Would the Saudis then be more inclined to return to bargaining with Moscow? Possibly. A good deal depends on how U.S.-Saudi relations fare during a prolonged energy price war. Prince Mohammad bin Salman, who already has his detractors on both sides of the political aisle in Washington, may find it harder to go through with major Saudi purchases of U.S. goods and services in the context of price competition. In turn, he may find that the United States has become far less willing to extend blank security checks to the Saudis. Moreover, if Russia loses its incentive to act as a restraining force on Iran, then the United States has shown limits to the extent it is willing to take on Tehran for Riyadh's benefit. Another Persian Gulf crisis would not only increase energy prices but reinforce Russia's pitch that its Northern Route is a far safer energy export bet.

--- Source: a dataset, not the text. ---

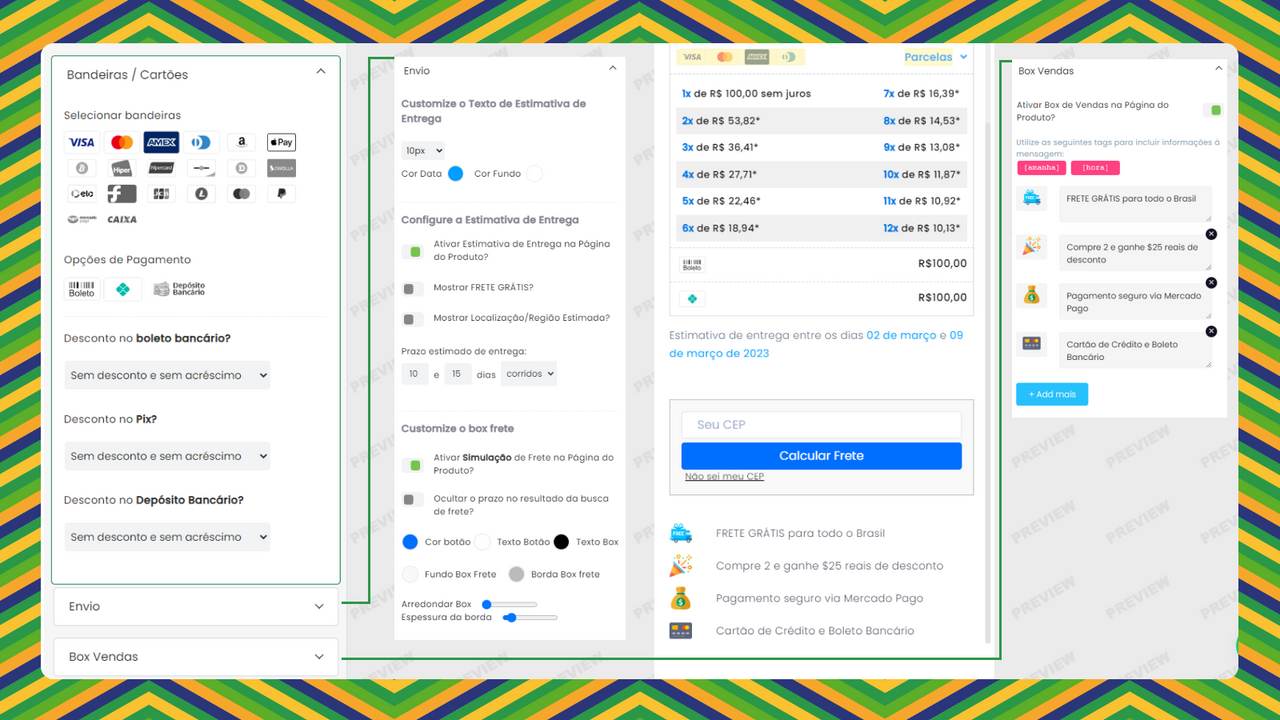 Configure as mensagens que aparecerão no Box Venda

So Russia enters this oil price war with two overarching objectives: drive U.S. producers out of business, and expose Riyadh to the limits of American support. Thanks to a talented team at the country’s Finance Ministry, they have the rainy-day funds in place to achieve that goal. Putin has taken a page from the Trump playbook of trade wars: be prepared to take short-term damage if you think your opponents will be forced to concede. Perhaps these will assumptions hold up in the weeks and months to come.
Nikolas K. Gvosdev is the Captain Jerome E. Levy professor of economic geography and national security at the U.S. Naval War College, and a senior fellow at the Foreign Policy Research Institute. The views here are his own. This article first appeared earlier this month.